One of the very real worries that potential homeschoolers and gifted parents alike have is: “how do I teach the things I don’t understand very well?”  Most experienced homeschoolers smile and say things like “you have a while until algebra,” or “you can do a co-op class for the nasty bits like frog dissection.”  I take this question very seriously and will spend some time laying out ideas if they’re really interested in homeschooling.  Because yes – you are not an expert in everything, and you have a right to worry about it.

No one is an expert in everything (go away Elon Musk.)  Even the subjects we know and love can be difficult to teach.  I may be an artist – but I have trouble articulating that to my art class at times.  One of my students asked me to define “cohesive” during our last class, and I stumbled.  Bobbled my way through it.  Because right at that moment in the thick of things, I had no idea how to quickly distill a very relative, nebulous concept down into something understandable and coherent.

Now, ask me to explain something I don’t know and love, much less understand very well, and see how THAT goes!  Not well.  Not well at all.

When we first started homeschooling, I told myself “I can do this, algebra is far away.”  No problem – and Mr.
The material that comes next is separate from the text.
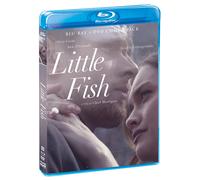 Little Fish (2020) (Blu-ray) Olivia Cooke Jack O'Connell Soko Chad Hartigan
Genius can step in and handle the math stuff when the Engineer is older, right?

/headdesk

Yeah … about that ….

The Engineer and his dad butt heads.  Sometimes a lesson goes well.  Sometimes, it ends with frustration because Mr. Genius used the “wrong” word and the Engineer decided to shut down instead of trying to understand.  And by wrong, I mean a slightly different term than I used.  Not wrong at all – just not what the Engineer was used to and it causes anxiety.   Most of their math “lessons” go best in a relaxed setting of playtime, where the learning is woven into play instead of doing math problems on the chalkboard.

So.  Math.  ::coughs::  Did I mention that the Engineer is doing early algebra?  At 6?  I am SO screwed!
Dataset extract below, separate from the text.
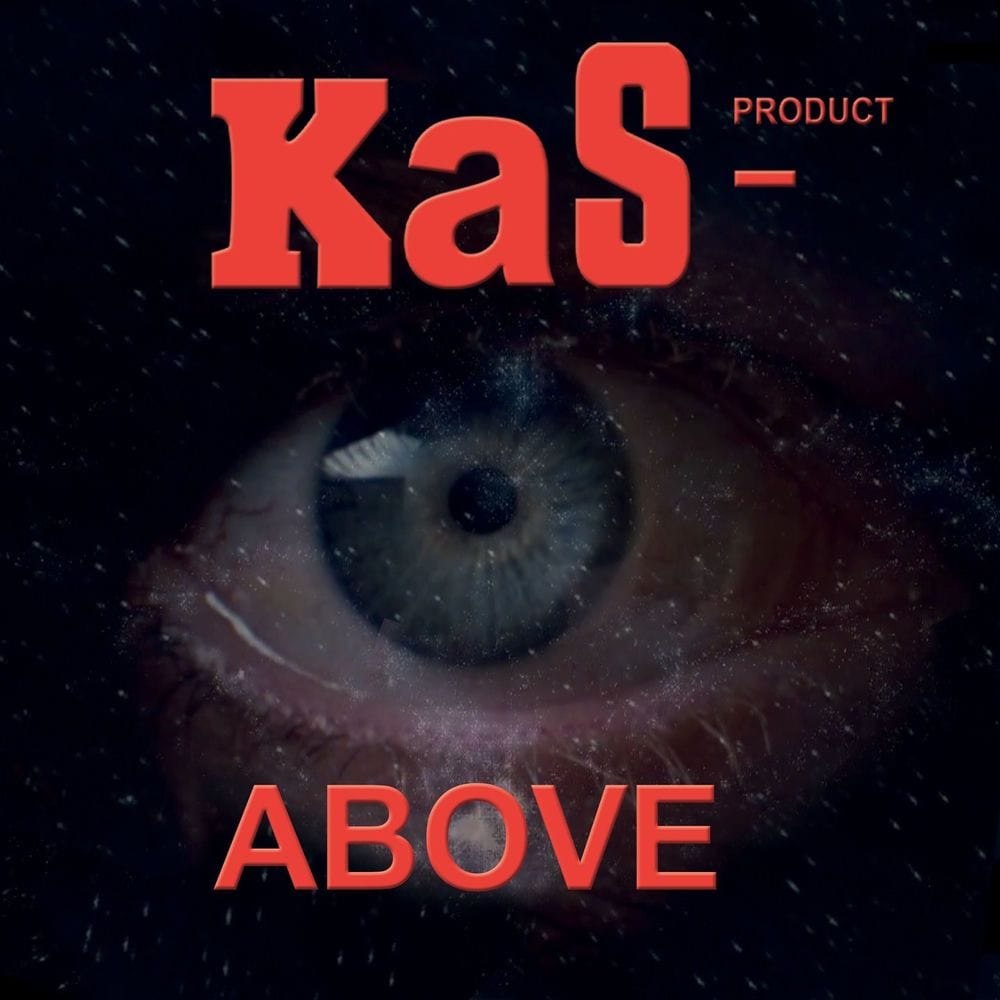 ABOVE cover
You see, I am not a math person.  It’s logical, it makes sense, but it’s entirely too rigid for me to easily grasp.  I have to fight at it.  I have to memorize formulas and ways of compensating when it comes intuitively to people like my husband.  Who casually told me “it’s just a differential equation” once.   I had to ask him this week to refresh my memory on long division because I simply couldn’t remember how to show the Engineer to do it!

 

I don’t easily do mental math in my head.  I have a great grasp of everyday math, and can easily guess percentages and totals fairly quickly, but it’s a vague kind of thing.  It’s not exact.  Even calculating a tip is an exercise in frustration if I get frustrated or distracted.  Which is why I’m liable to tip 20% every time because it’s just easier.

You can forget me doing any kind of complex multiplication or exponent work in my head because I lose track of it.  Mr. Genius annoyed me when we were house hunting because he could quickly and accurately calculate the monthly mortgage payment on houses we visited, while I looked like the village idiot trying to understand the difference between payments for one house and the other.
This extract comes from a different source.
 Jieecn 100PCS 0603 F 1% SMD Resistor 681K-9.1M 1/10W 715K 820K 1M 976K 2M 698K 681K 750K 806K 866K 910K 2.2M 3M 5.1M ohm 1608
I am so in over my head right now, it’s scary and funny all at the same time.   If I could plop the Engineer down in front of a math curriculum it would take so much stress off of my shoulders.  I even signed him up for Prodigy math in an attempt to do something – but so far, the placement test is undecided on where to plop him.

 

This morning, I came downstairs to find him busily building a structure with our ball and stick set from Discovery Kids.  He pulled out the measuring tape and measured each side to ensure they matched, and he carefully drew a diagram with the numbers.  Then he wanted to know how to figure the “center” part.  We haven’t discussed area or perimeter – and I certainly wasn’t prepared for a lesson today!  We did it anyway.  I pulled out my trusty phone and we calculated the area, defined the perimeter, and then I point-blank refused to figure out the area cubed when he wanted to add in the height measurement.

“Why?” he whined.  Why son?  Because mommy isn’t clear-headed enough to explain exponents yet, that’s why!  And I need to go do some research before I even try!

Did I mention I have a cold?  I am not on my best game at the moment, and I was happily looking forward to crashing on the sofa while they watched Kid Should See This videos for a while.  Nope, didn’t happen.  And the one time I did crash on the sofa, the Destroyer tried to destroy the structure the Engineer was building, leading to tears, screaming, whining, and wailing.  And since I’m losing my voice none of that came from me.

 

So what’s my plan for when the time comes that I can’t teach him anything?  That deadline is looming fast – probably within the next 6 months for math.

For now, I’m hoping I can find some Khan Academy videos and let him loose.  Hopefully that will be enough.  Because if I ever have to explain the “why” behind the equations or the geometry, my brain just might implode.

The teenager that I was thought “if I can just get through this I’ll never have to use it again!”  Karma, you suck!